Confidence Intervals for Regression Coefficients
1. Introduction
In regression analysis, confidence intervals provide a range of plausible values for the true population parameters, given the observed data. We'll focus on the 95% confidence interval for the OLS estimator.
2. Formula for 95% Confidence Interval
For a given coefficient \(\beta_j\), the 95% confidence interval is given by:
\[
\hat{\beta}_j \pm t_{n-k,0.975} \cdot SE(\hat{\beta}_j)
\]
Where:
- \(\hat{\beta}_j\) is the OLS estimate of the j-th coefficient
- \(t_{n-k,0.975}\) is the 97.5th percentile of the t-distribution with n-k degrees of freedom
- n is the number of observations
- k is the number of predictors (including the intercept)
- \(SE(\hat{\beta}_j)\) is the standard error of \(\hat{\beta}_j\)

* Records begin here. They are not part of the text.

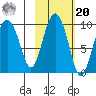 Two Arm Bay tide chart for Wednesday, October 20, 2021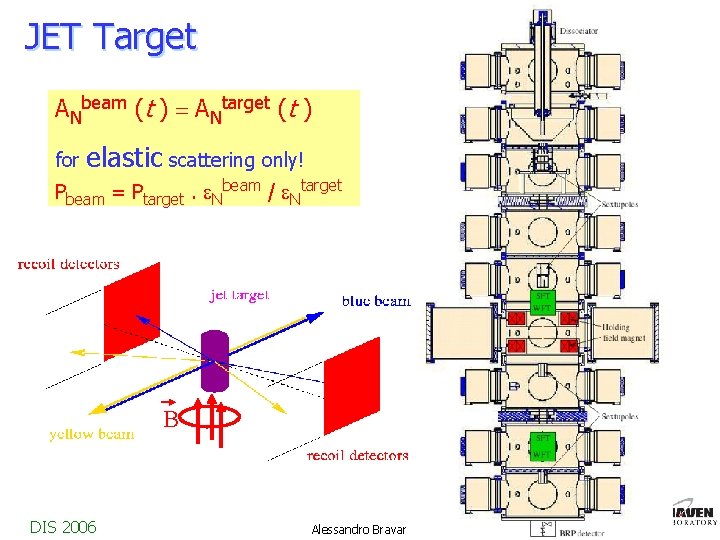 JET Target ANbeam (t ) = ANtarget (t ) for elastic scattering only! Pbeam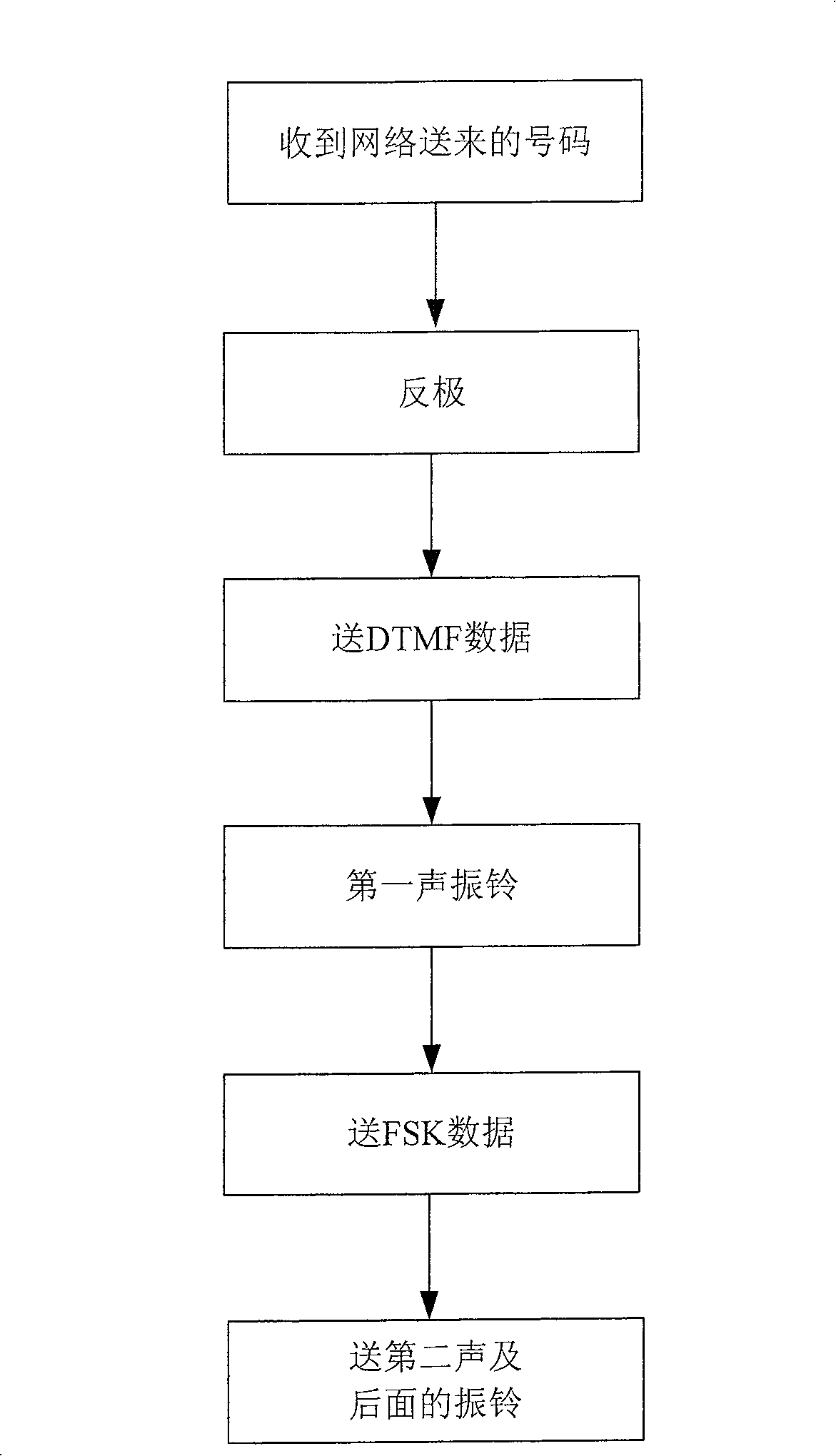 Wirelessaccess box fully-automatic compactible DTMF/FSK calling identity delivery method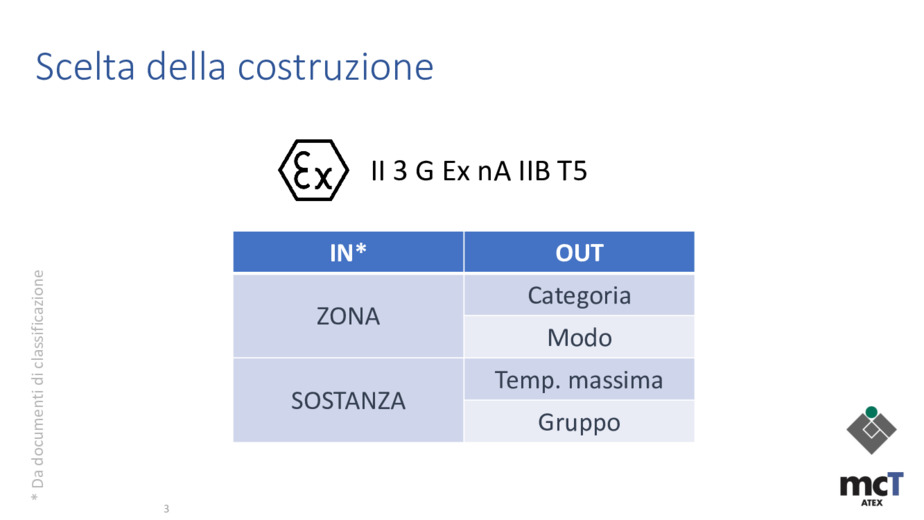 Dimensionamento dei componenti elettrici in ambiente ATEX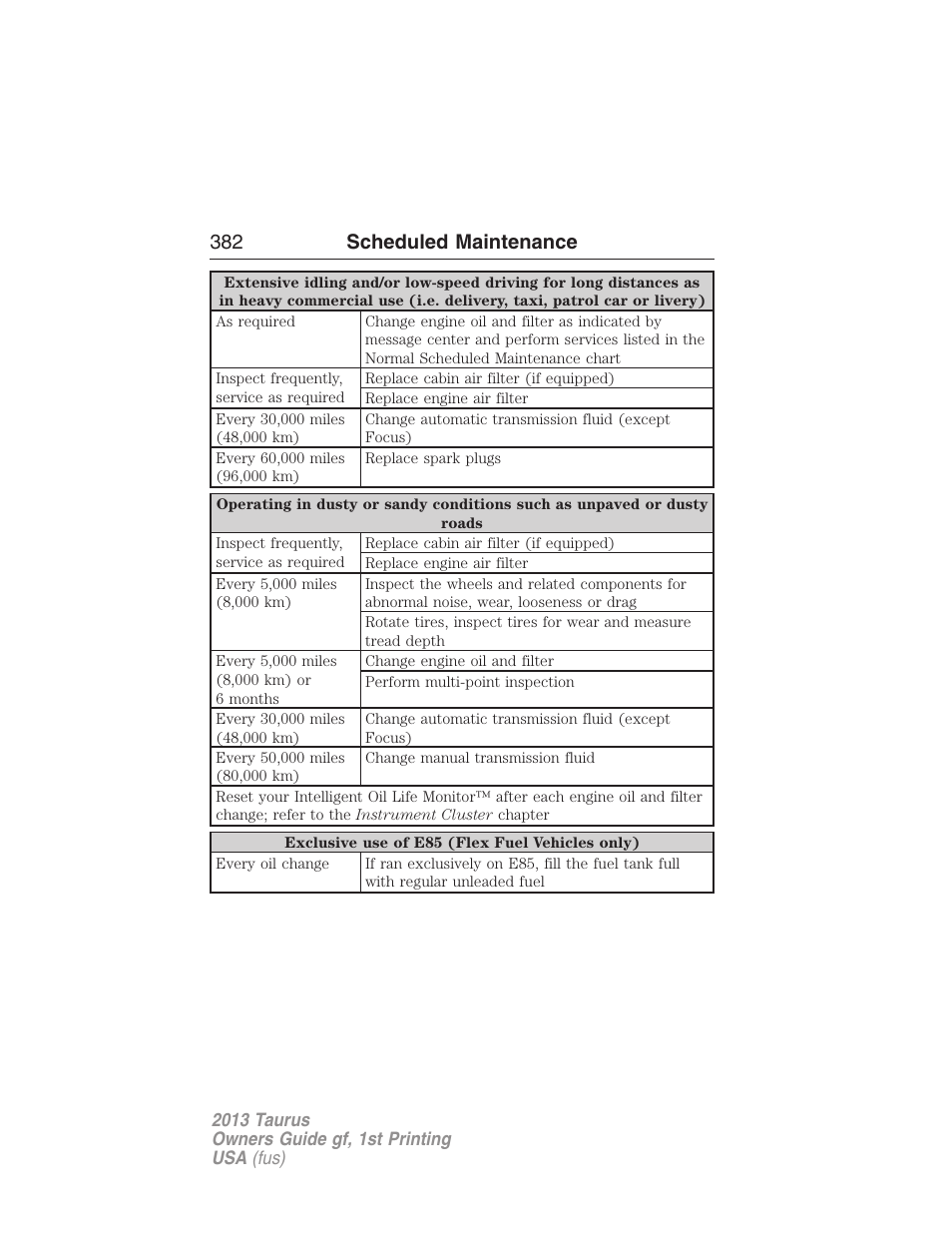 382 scheduled maintenance | FORD 2013 Taurus v.1 User Manual | Page 382 / 541
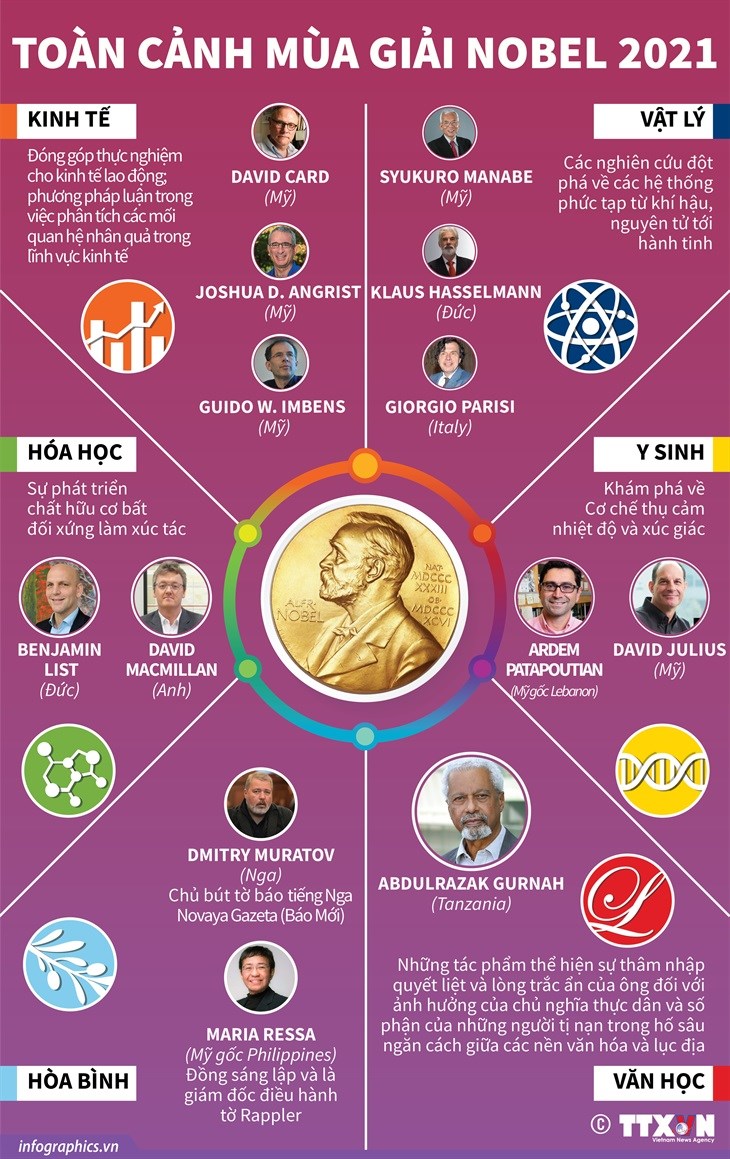 [Infographics] Nhin lai toan canh mua giai Nobel nam 2021 hinh anh 1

3. Calculating the Standard Error
The standard error for \(\hat{\beta}_j\) is given by:
\[
SE(\hat{\beta}_j) = \sqrt{\hat{\sigma}^2 \cdot [(X'X)^{-1}]_{jj}}
\]
Where:
- \(\hat{\sigma}^2\) is the estimate of the error variance: \(\hat{\sigma}^2 = \frac{RSS}{n-k}\)
- RSS is the Residual Sum of Squares
- \([(X'X)^{-1}]_{jj}\) is the j-th diagonal element of \((X'X)^{-1}\)
4. Interpretation
A 95% confidence interval means that if we were to repeat the sampling process many times and calculate the confidence interval each time, about 95% of these intervals would contain the true population parameter.
For a given sample:
- If the interval doesn't contain 0, we can conclude that the coefficient is statistically significant at the 5% level.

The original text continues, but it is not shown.